- Book written by Isaac Asimov
- Published in 1953
- Part 3 of the Foundation Series
With the existence of a Second Foundation revealed, the Mule can not sit idle and wait for the organisation to overthrow his empire. He sends two of his trusted lieutenants on a search for the mysterious sister organisation that is supposedly located at ‘the other end of the galaxy’, far away from the first Foundation on Terminus.
Second Foundation is, in its style, more similar to Foundation & Empire than it is to Foundation. It features only two stories, one telling the story of the Mule’s search for the Second Foundation, the other relating the same search by the First Foundation.
Whilst I appreciate Asimov’s choice to focus more on a smaller set of characters again, I keep finding most of the adventurers he writes to be relatively forgettable, and their adventures to be relatively flat (though not lacking some good twists towards their ends). Whilst we are closer to the action, Asimov just doesn’t manage to create a lot of suspense. His characters are just too collected, too intelligent, always choosing a debate over rapid action. You will not find it surprising that his better works tend to focus on detective-like stories.
I never really liked the introduction of the Mule and his mind-bending powers in what I would have preferred to have remained more of a hard sci-fi series, and his continued presence in the third book was a bit of a disappointment. Arkady Darell, the fifteen year old main character of the second story, is probably the best character Asimov had written to date, standing head and shoulders above the others – but she can’t save the series on her own. She is a sign, however, of Asimov’s development as a writer.
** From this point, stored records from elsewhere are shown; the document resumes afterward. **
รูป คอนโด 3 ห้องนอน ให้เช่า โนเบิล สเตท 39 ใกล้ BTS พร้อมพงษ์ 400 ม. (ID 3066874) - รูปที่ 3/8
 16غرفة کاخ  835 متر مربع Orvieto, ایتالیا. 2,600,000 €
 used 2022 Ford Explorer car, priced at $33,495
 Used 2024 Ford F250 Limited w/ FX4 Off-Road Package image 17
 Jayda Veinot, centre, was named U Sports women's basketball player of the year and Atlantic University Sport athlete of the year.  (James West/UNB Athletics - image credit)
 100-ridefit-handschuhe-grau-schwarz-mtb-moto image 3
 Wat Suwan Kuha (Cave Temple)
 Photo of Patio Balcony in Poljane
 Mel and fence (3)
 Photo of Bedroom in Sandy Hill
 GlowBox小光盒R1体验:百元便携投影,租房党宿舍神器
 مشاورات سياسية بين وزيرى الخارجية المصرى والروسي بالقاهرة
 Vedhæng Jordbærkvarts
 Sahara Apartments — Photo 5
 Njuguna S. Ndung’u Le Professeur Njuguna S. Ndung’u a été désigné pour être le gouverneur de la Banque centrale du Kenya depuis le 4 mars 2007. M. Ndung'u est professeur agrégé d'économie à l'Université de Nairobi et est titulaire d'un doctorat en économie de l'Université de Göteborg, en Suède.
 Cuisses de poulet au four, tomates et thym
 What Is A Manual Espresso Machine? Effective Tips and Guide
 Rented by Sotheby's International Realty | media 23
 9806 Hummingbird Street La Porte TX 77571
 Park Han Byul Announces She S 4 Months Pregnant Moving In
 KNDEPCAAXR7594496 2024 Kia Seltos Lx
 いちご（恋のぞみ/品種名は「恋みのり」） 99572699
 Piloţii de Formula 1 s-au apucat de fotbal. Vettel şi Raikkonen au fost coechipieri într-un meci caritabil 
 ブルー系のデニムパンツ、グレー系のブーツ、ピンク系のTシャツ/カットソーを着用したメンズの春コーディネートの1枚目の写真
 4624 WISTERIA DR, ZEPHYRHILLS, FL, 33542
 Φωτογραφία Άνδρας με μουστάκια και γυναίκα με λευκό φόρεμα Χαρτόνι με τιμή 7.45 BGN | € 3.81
Overall, while I recognise that Foundation is a massively well-liked series by fans of classic science-fiction, I find the series only so-so. Beyond the first book, which is distant from its characters but focuses on interesting concepts, Asimov writes what is (to me) a set of relatively simple and middle-of-the-road adventure stories in space, similar in style to the likes of Niven’s Ringworld or even Vance’s Planet of Adventure. I find that those kinds of stories don’t hold up nearly as well today as more concept-focussed work from the same age, not the least of which are Asimov’s own Robot-works. Foundation is another one of those trilogies where it would perhaps be best to read the first book for the worldbuilding, and give the other two a miss.